No, because there's isn't actually any mutual recursion in this example. To understand
why, remember that the two parts of a function-by-method
are treated as
if they were one function and one method (see Section 8).
This function and method are different points in the call graph, where calls to
Max
from ghost contexts go to the function part and calls to Max
from compiled
contexts go to the method part.
Therefore, we have that the following call-graph edges:
Max (function) --> Max (function)
MaxOfOneMore --> MaxOfOneMore, Max (function)
Max (method) --> MaxOfOneMore, Max (function)
As you can see from these, the function part of Max
is recursive and the lemma is
recursive, but there is no mutual recursion.
I started this note with the innocent problem of how to prove the termination of two
mutually recursive functions. As the solution, I showed the Parent Trick.
I then changed the code to make it compilable, which
introduced proof obligations to show certain choices to be deterministic. This can
be better solved using a function-by-method
, so I gave a brief introduction
to Dafny's function-by-method
declaration and used it to present two solutions.
The more straightforward solution worked for the example at hand, whereas
the second solution shows a more typical pattern for such method implementations.

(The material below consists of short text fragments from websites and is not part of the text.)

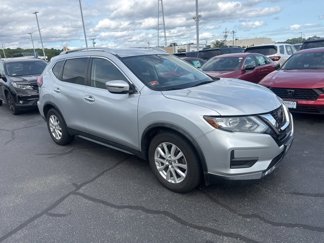 Used 2020 Nissan Rogue SV image 1
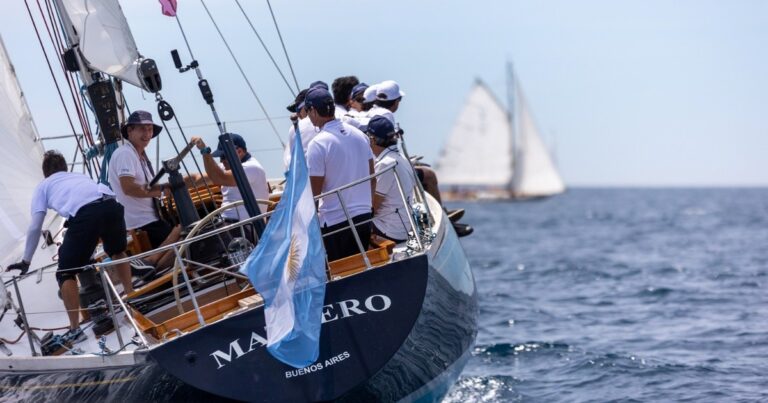 El velero argentino Matrero dejó su huella en el Mar de Liguria y se subió al podio en San Remo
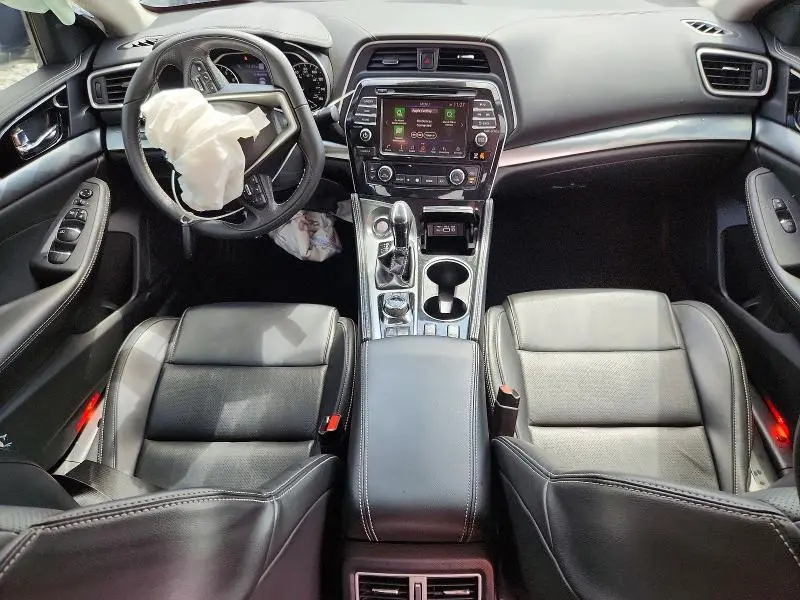2023 NISSAN MAXIMA SV  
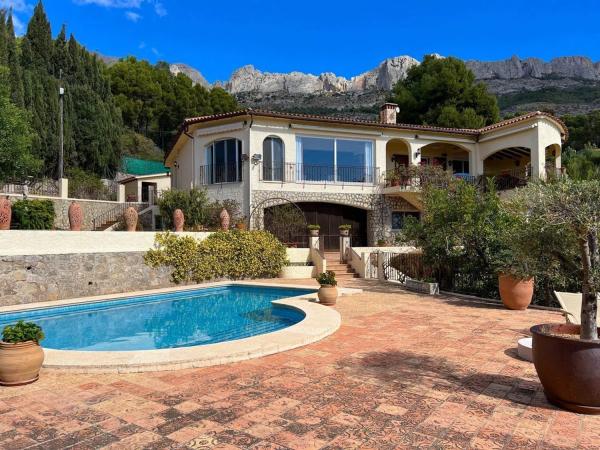 Detached villa for sale in  Acceso a Bernia s/n, Altea photo 2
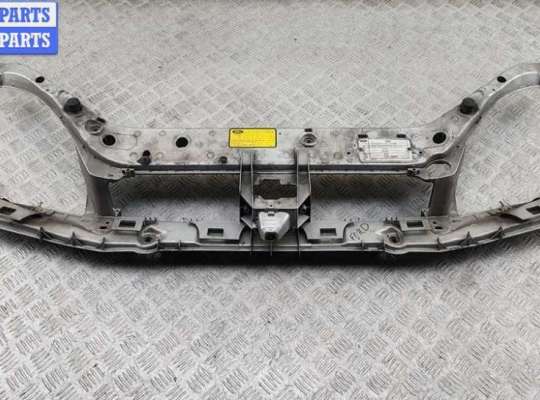 Рамка передняя (панель кузовная, телевизор) FO2151552 на Ford Focus I (1998-2005)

I'm grateful to Mikaël Mayer for asking a question about these mutually recursive
functions, which propelled me to write this note, and for his helpful comments
on the write-up. The function-by-method
construct
was designed as a direct outgrowth of some collaborative work with Daniel Matichuk,
Olivier Savary Belanger, and Mike Dodds, where as a step toward verified compilation
we were considering how to implement immutable things with mutable things.